Proof of Hurwitz's automorphisms theorem Hurwitz proved in 1893 that the number of automorphisms of a Riemann surface of genus $g \geq 2$ is bounded by $84(g-1)$. See Wikipedia for some references. I want to understand the proof in the language of algebraic geometry, namely for a complete algebraic curve $X$ over an algebraically closed field of characteristic $0$. It uses Hurwitz' Theorem and it is outlined in this blog entry and also in Hartshorne, Exercise IV.2.5.

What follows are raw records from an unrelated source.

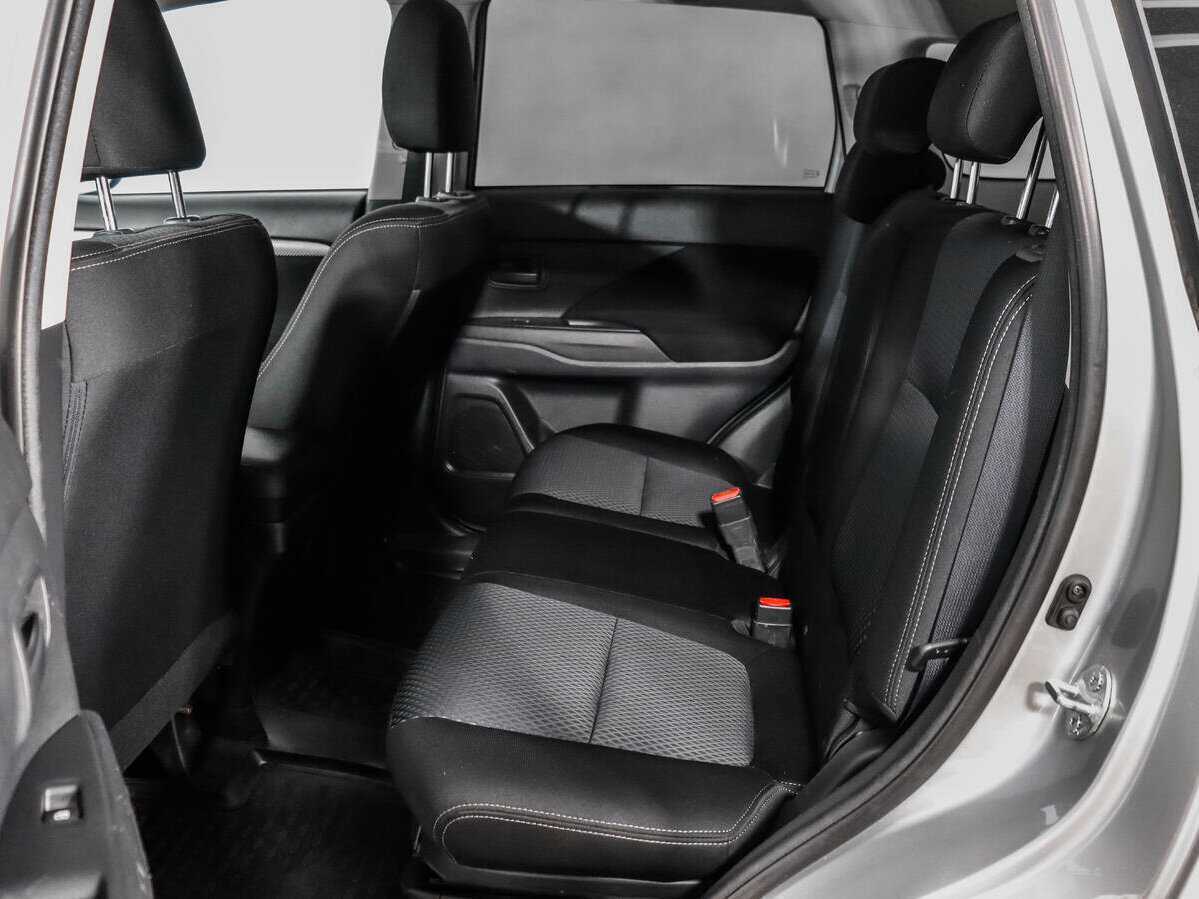 Митсубиши Оутлэндер б/у, 2018, Вариатор. Фото: #9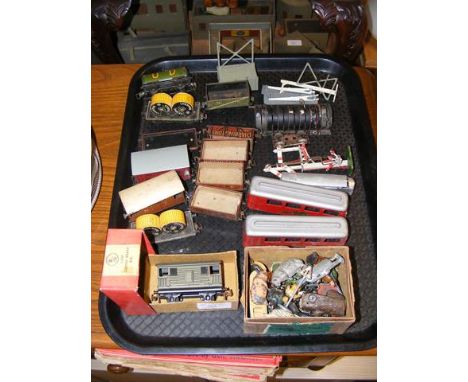 Rolling stock, lead figures and other model train items 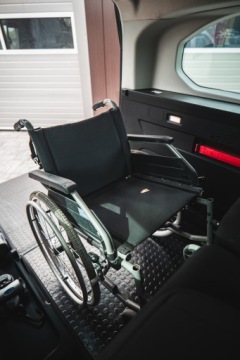 Opel Combo E Kombivan 1.5 Diesel 102KM 2021 Opel combo przewóz osoby na wózku rampa pfron, zdjęcie 7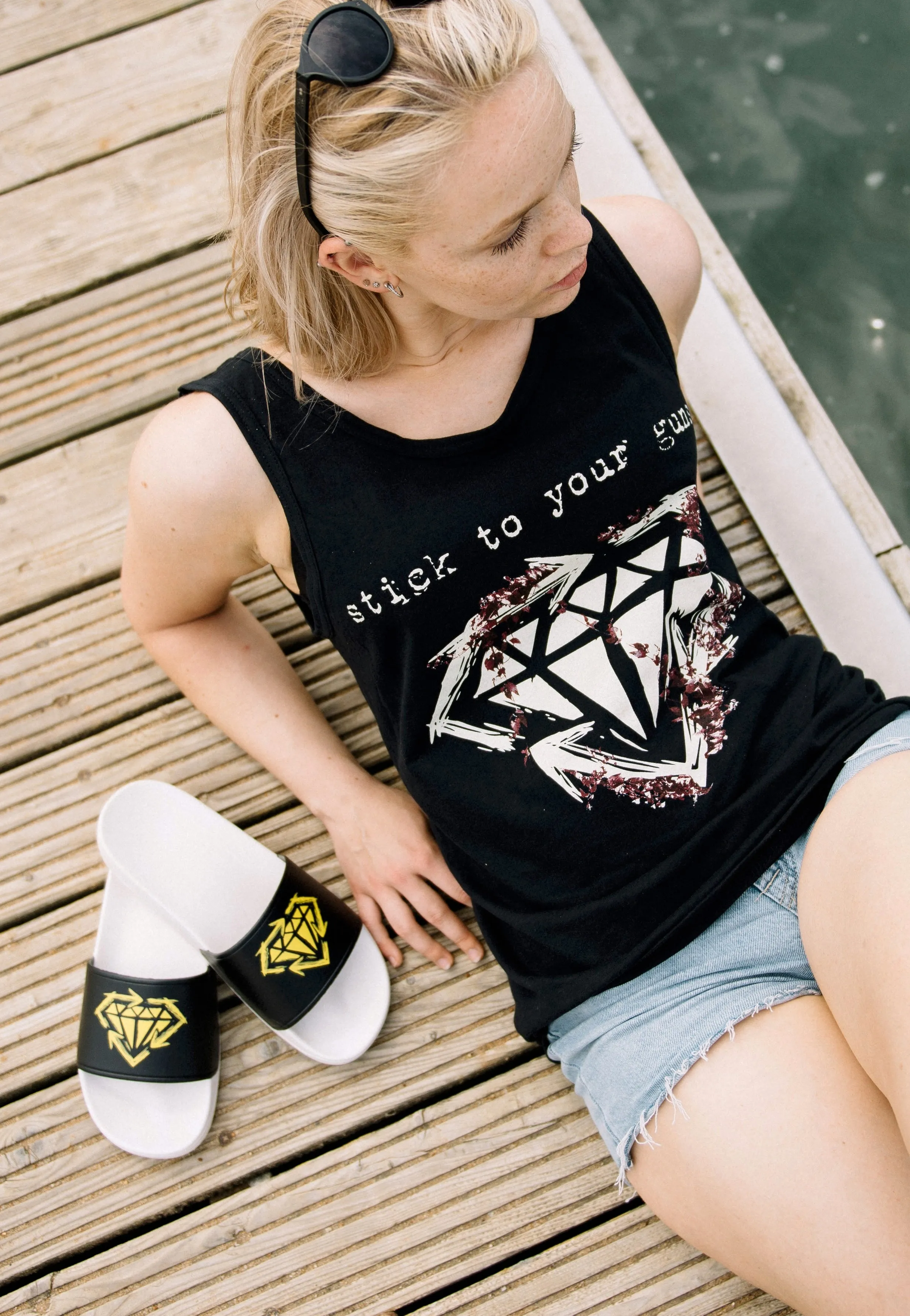 Stick To Your Guns - Diamond White/Black - Slides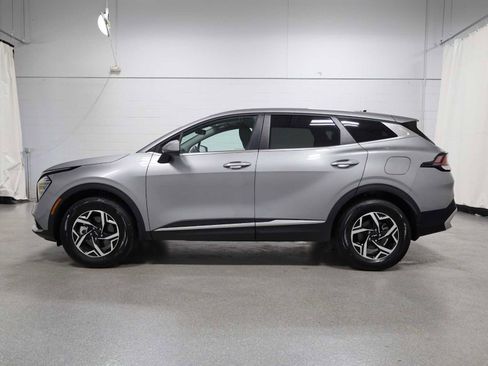 Used 2024 Kia Sportage LX AWD/4WD image 2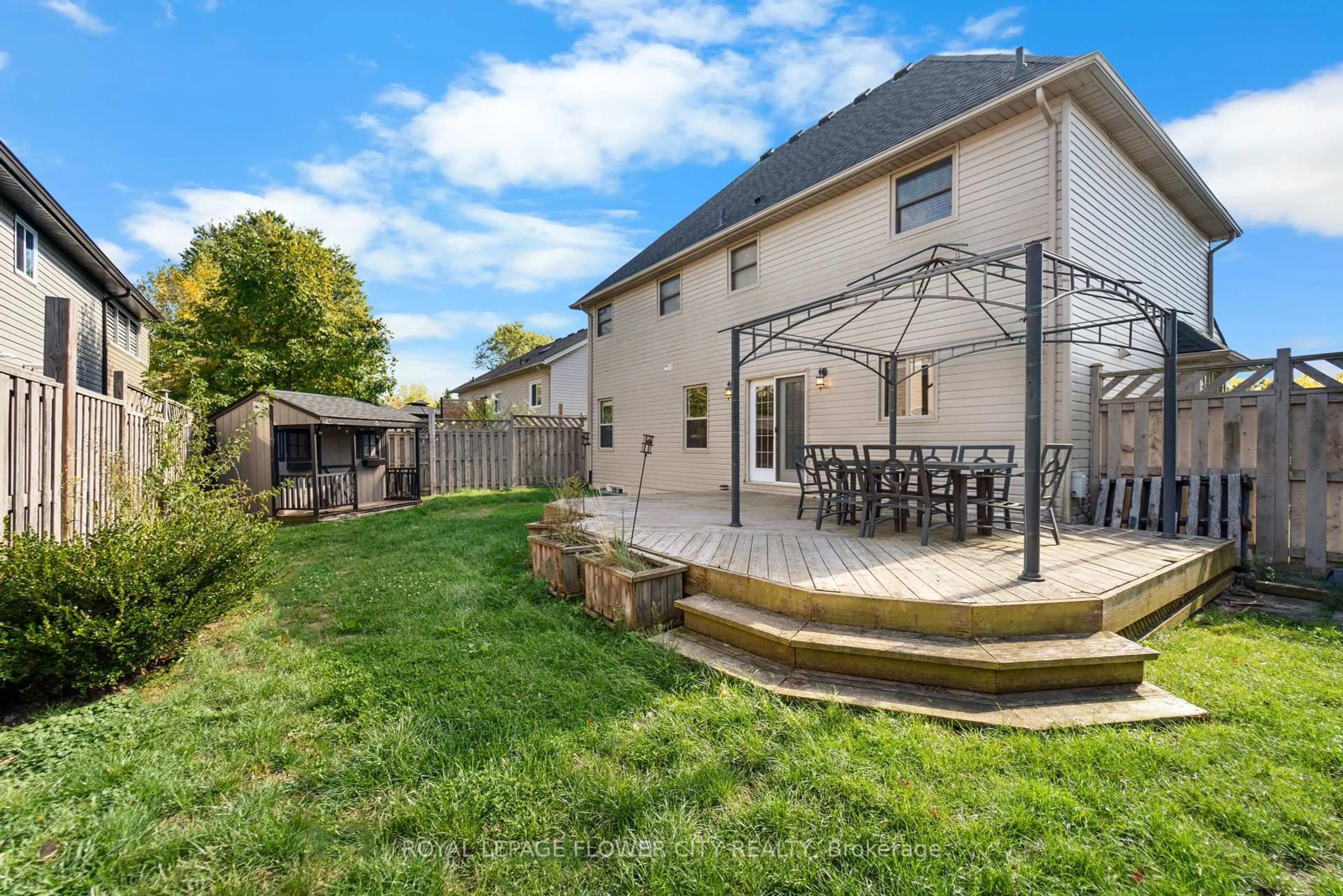 Patio, street for 76 Rochelle Cres, Fort Erie Ontario L0S 1N0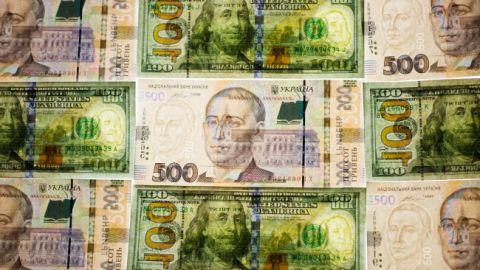 Межбанк открылся ростом курса доллара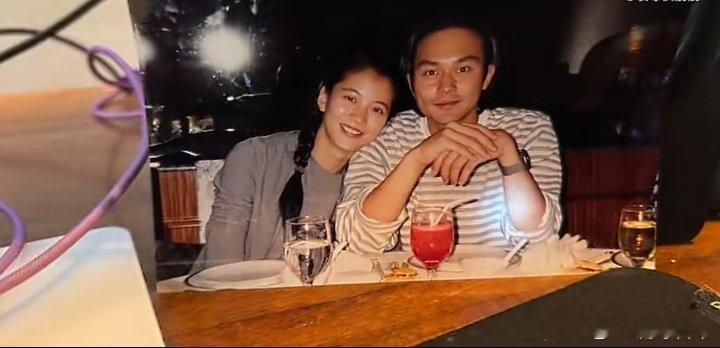 袁咏仪庆祝和张智霖银婚“一屋两人，三餐四季，二十五年”…神仙爱情真实写照！在速食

The proof starts as follows: It is known that $G := \text{Aut}(X)$ is finite, say of order $n$. Now $G$ acts on the field $K(X)$ and $K(X)^G \subseteq K(X)$ is a finite Galois extension of degree $n$. Thus it corresponds to a finite separable morphism $f : X \to Y$ of degree $n$. Finally Hurwitz' Theorem is applied to $f$.
Now it seems to me that Hartshorne's exercise, Part a, as well as the blog entry ("We’ll think analytically for a moment.[...]") use that $Y$ is the quotient of $X$ by $G$ in the category of ringed spaces, especially in the category of topological spaces. Namely this is needed to show how the fibers and ramification indices of $f$ looks like.
But from abstract nonsense we just get that $Y$ is the quotient of $X$ by $G$ in the category of complete curves, that is $f$ is $G$-invariant and every $G$-invariant dominant morphism $X \to Z$, where $Z$ is a complete curve, factors uniquely through $f$. How does this tell us how $f$ looks like as a map and what are the stalk maps, in order to calculate ramification?
Or do we use the explicitly constructed abstract complete curve associated to $K(X)^G$, thus consider all discrete valuation rings in $K(X)^G$? But then $f$ is, a priori, only defined rationally, right? So to sum up my problems: I don't know how to work with $f$.
 A: Here is an extremely useful fact: if $X$ is a regular variety and $f \colon X \dashrightarrow \mathbf{P}^n$ is a rational map defined on a dense open $U \subset X$, then $\mathcal{f}$ extends uniquely to a maximal open subset $U'$ of $X$ and the complement of $U'$ has codimension at least two. In particular, when $X$ is a smooth curve there is a unique extension to the whole curve. Now apply this to the rational map from $X$ to the complete curve associated to $k(X)^G$, which you know can be embedded in a projective space. I don't have the book on me but this is certainly somewhere in Hartshorne. The proof goes by using that the local ring of a point in codimension one is a DVR, so you can write down an explicit extension of the map $f$ in codim 1 by multiplying through by the lowest possible power of a uniformizer.
On a sidenote, this useful fact is already needed to show that there is a unique smooth complete curve associated to a function field in one variable. 
Edit. I think I see now what you are getting at: you want to know why the points of $X/G$ correspond to $G$-orbits on $X$, right? (Knowing this, it immediately follows that if $P$ is a ramification point of order $e_P$, then it has $|G|/e_P$ conjugates under $G$.) There is a general theorem of Emmy Noether on quotients of affine varieties by finite groups which will show this, which can be found in any book on commutative algebra. But for curves I guess you could make a direct proof as follows: pick points $P$ and $Q$ on $X$ in different orbits. Since the function field separates points you can choose a function that vanishes at $P$ but not at $Q$. Do the same thing also for the conjugates of $Q$. Then a linear combination $F$ of these functions is nonzero on all conjugates of $Q$. Take the product of all conjugates of $F$ under the $G$-action: this is a $G$-invariant function which vanishes on the orbit of $P$ but not on the orbit of $Q$. The result follows.